Nobody Told Me Giving Would Cost Me My Health
- gertrudeagbozo
- 11 minutes ago
- 3 min read

I'm almost 44 and have spent the better part of two decades being someone's mentor: formally, informally, voluntarily, and sometimes volun-told. I have read and edited hundreds of resumes and cover letters, sent emails on behalf of others, made calls I didn't need to make, and spent countless hours providing advice over coffee or a meal. I have walked others through the politics of rooms I had to bleed to get into. I did it because my life has been nothing short of lots of miracles—and I’ve a desire to pay it forward.
Here's what nobody says aloud: Black women in mid-career and senior levels are burned out from mentoring at a rate nobody is measuring and nobody is fixing. We became the architects of other people's ascension while our own careers got quietly ceilinged. Everyone wants our wisdom, and almost nobody is deploying their power on our behalf. Up until recently, we were the most over-mentored and under-sponsored demographic in corporate America. Across sectors in Europe, organizations are not pretending to care about us. There, informal mentorship and paying for (professional and dubious) career coaches are the primary options.
That asymmetry is not an accident. It's a structure. And it's costing us more than time.
Researcher Arline T. Geronimus coined the term "weathering" to describe what happens to Black women's bodies under chronic, sustained stress. Not occasional stress, but the relentless, low-hum pressure of navigating racism and sexism across an entire lifetime. By age 45, half of Black women show high allostatic load scores, which measure the cumulative physiological toll of chronic stress. Allostatic load is not a metaphor. It shows up in cortisol levels, blood pressure, cholesterol, and shortened telomeres. In each age group, Black individuals' mean allostatic load score is roughly comparable to that of white individuals who are ten years older. Our bodies are aging faster than our birthdays suggest. And Black women between 35 and 64 suffer the highest probability of high allostatic load scores compared to Black men, white men, and white women alike, a disparity that socio-economic status alone cannot explain.
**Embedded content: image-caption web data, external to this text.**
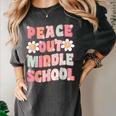 Peace Out Middle School Graduation Groovy Last Day Of School Women's Comfort Colors T-Shirt Pepper
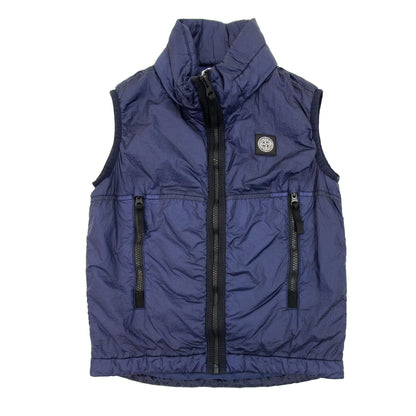 Stone Island Junior Logo Hoodied Nylon Gilet Navy Blue V0028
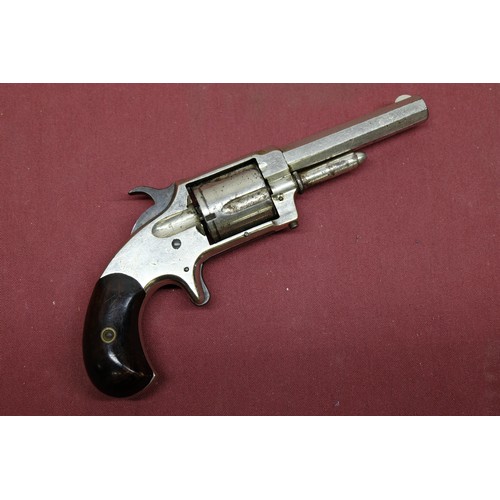 1038 - American 5 shot Whitney .32 rimfire revolver nickel plated frame 3 inch barrel inscribed Whitneyvill... 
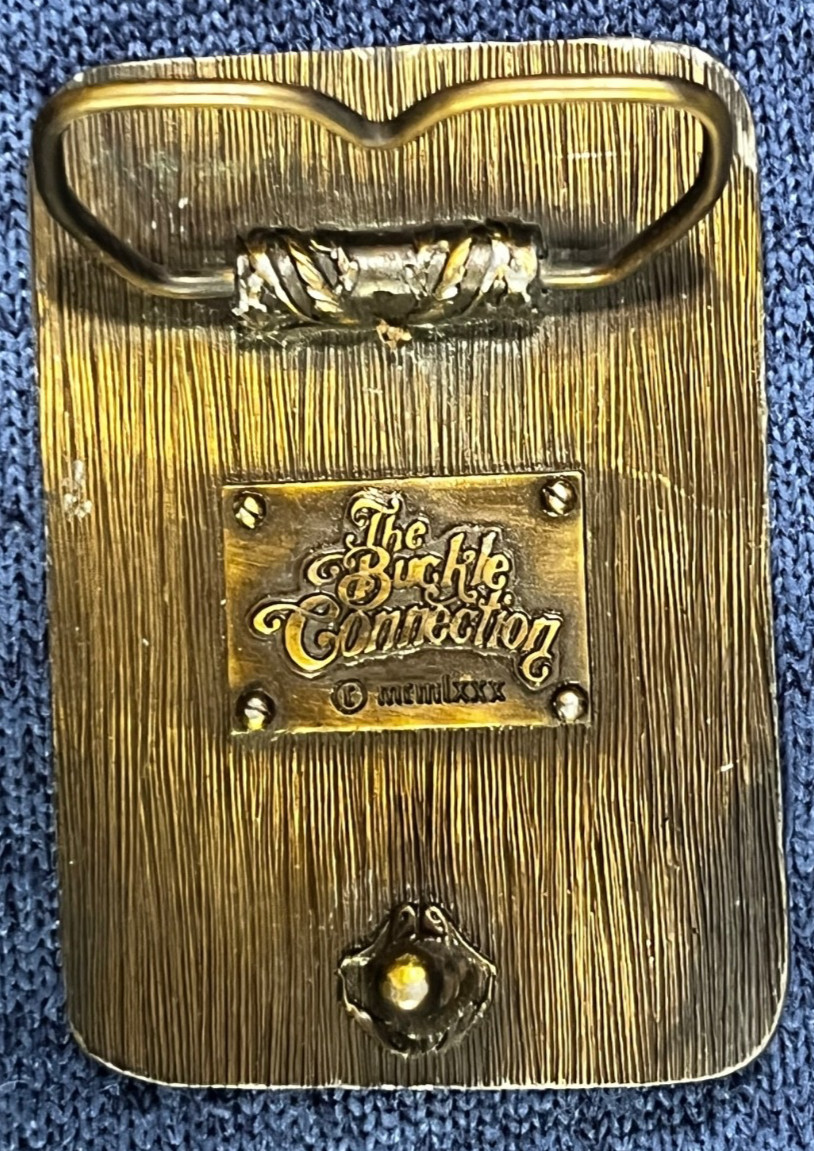 The Buckle Connection – SPACE SHUTTLE & Satellite – Vintage Brass Belt Buckle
The body keeps the receipts for everything we've absorbed and suppressed and smiled through. This matters when we talk about autoimmune disease, because stress and immune function are not separate systems. They are deeply entangled. African American women are three times more likely to develop lupus than white women and often experience more severe symptoms and complications. Now in my autoimmune disease era, I’ve been reviewing the receipts.
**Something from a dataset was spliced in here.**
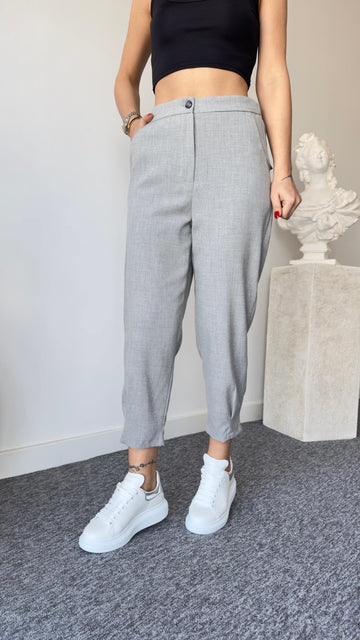Crey Zra Model Gray Fabric Trousers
We are not broken by nature. We are broken by conditions.
We were sold a story: prove you belong by giving generously, by being visible, by lifting as you climb. And so we lifted. Meanwhile, the research on what actually moves the needle keeps pointing elsewhere to: real sponsorship, advocacy behind closed doors, someone staking their credibility on your name. That is what changes careers, and most of us never consistently receive it.
We poured from cups that were never being refilled. I want to name the specific texture of this tiredness and harm, but I won’t. I’ll unpack the ungrateful and backstabbing mentees in my next therapy sessions.
The "Superwoman Schema" has its own literature now. It describes the expectation that Black women suppress their needs, project strength, and give without limit. Research has examined how this framework, deeply tied to racial discrimination as a chronic stressor, modifies the relationship between discrimination and allostatic load among African American women. The very cultural script that makes us such devoted mentors may be contributing to our physical unraveling.
So what does "done" look like? It’s not cruel. It’s not the shutting of every door.
It looks like being honest about capacity. It looks like saying "I'm not available for informal mentoring right now" without a paragraph of apology. It looks like redirecting energy toward real sponsorship, the reciprocal, mutual-stakes kind, instead of performing endlessly for others. It looks like understanding that my decades of knowledge are not a resource for institutions to harvest. They are mine.
If you're a Black woman reading this and nodding: the guilt you feel about pulling back has been engineered. You can care about others and also protect your body. Those two things are allowed to coexist. Given what the research is showing us about what chronic, unrelenting stress does to our immune systems and our cells, protecting your body might be the most radical and necessary act available to you right now.
And if you run an organization that relies on Black women to do the mentorship heavy lifting while underpaying, underpromoting, and underprotecting them, no coffee chat is going to fix that. Build different structures and stop congratulating yourself for the ones you have.
I still believe in community. I still believe we rise together.
I just no longer believe that "together" means I pour until I'm empty while the “institution” applauds. That chapter is closed.